*ACTIVITY:*
Look through the entries below for the line with "Pair 1.5'' Foot" and the line with "Mesita de Noche", then give again exactly those two lines and all lines between them, minus the pictures.

*TASK INPUTS:*

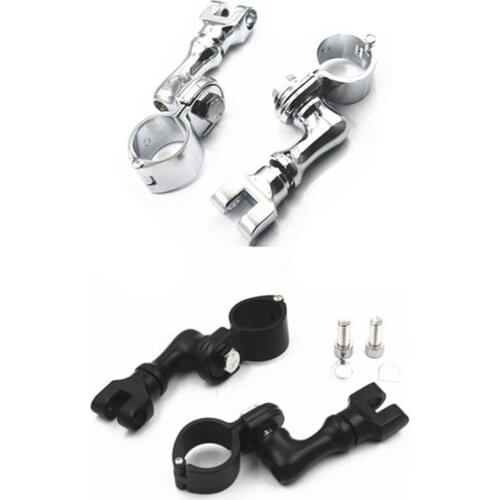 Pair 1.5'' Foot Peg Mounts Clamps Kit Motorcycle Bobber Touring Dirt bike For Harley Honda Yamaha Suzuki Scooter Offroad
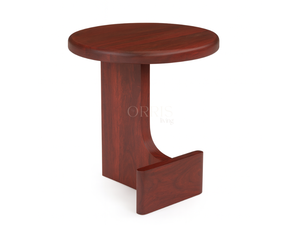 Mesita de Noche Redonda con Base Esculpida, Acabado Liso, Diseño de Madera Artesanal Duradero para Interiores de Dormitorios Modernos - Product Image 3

--

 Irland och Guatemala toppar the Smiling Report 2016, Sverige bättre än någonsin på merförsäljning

--

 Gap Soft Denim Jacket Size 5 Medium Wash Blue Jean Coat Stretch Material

*OUTPUT FOR THIS EXERCISE:*
 Pair 1.5'' Foot Peg Mounts Clamps Kit Motorcycle Bobber Touring Dirt bike For Harley Honda Yamaha Suzuki Scooter Offroad
 Mesita de Noche Redonda con Base Esculpida, Acabado Liso, Diseño de Madera Artesanal Duradero para Interiores de Dormitorios Modernos - Product Image 3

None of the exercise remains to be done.